# AIM OF THE EXERCISE
The lines to return are the one containing "this 700×467 image." and all that follow it in the entries below, duplicated exactly and nothing else.

# MATERIAL PROVIDED
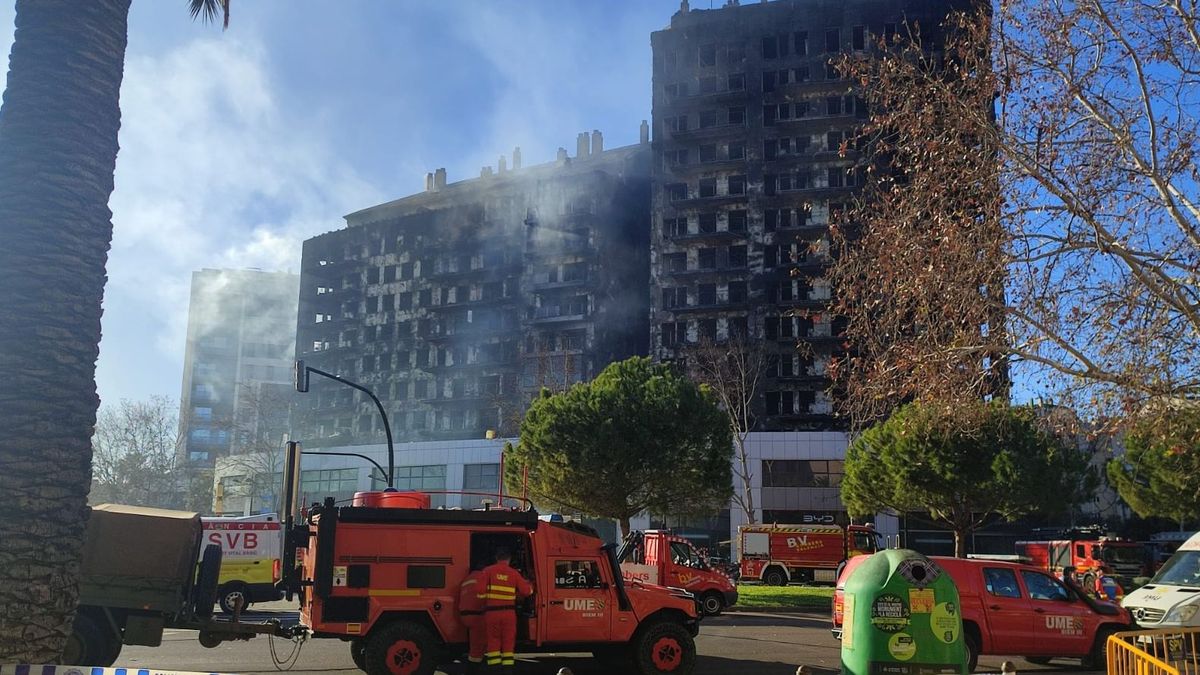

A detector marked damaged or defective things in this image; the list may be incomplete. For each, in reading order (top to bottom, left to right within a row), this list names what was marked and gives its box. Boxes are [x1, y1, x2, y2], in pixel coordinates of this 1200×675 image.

burnt high-rise building [295, 133, 652, 444]
charred building facade [296, 133, 652, 444]
charred building facade [648, 0, 964, 427]
burnt high-rise building [652, 0, 969, 429]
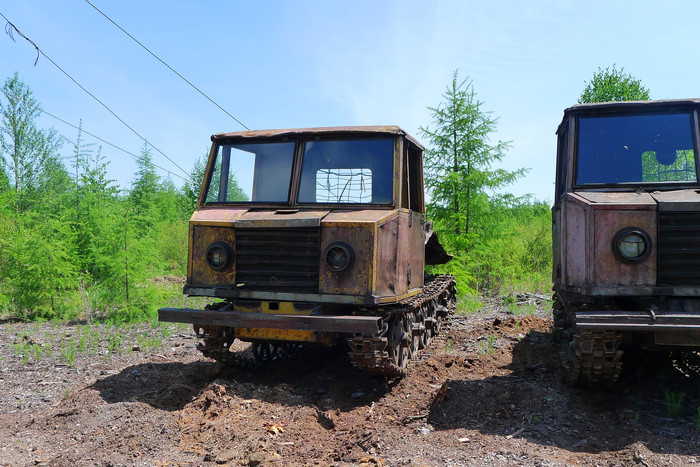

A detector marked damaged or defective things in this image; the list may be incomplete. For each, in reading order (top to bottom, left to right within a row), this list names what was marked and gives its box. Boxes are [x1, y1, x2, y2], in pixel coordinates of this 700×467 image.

rusty tracked vehicle [158, 125, 454, 376]
corroded metal cab [159, 126, 454, 374]
rusty tracked vehicle [556, 98, 700, 384]
corroded metal cab [556, 98, 700, 384]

# SOLUTION FOR THIS PROBLEM
A detector marked damaged or defective things in this image; the list may be incomplete. For each, in reading order (top to bottom, left to right within a row), this list names what was marked and gives its box. Boxes are [x1, y1, x2, y2], in pixel coordinates of this 700×467 image.

rusty tracked vehicle [158, 125, 454, 376]
corroded metal cab [159, 126, 454, 374]
rusty tracked vehicle [556, 98, 700, 384]
corroded metal cab [556, 98, 700, 384]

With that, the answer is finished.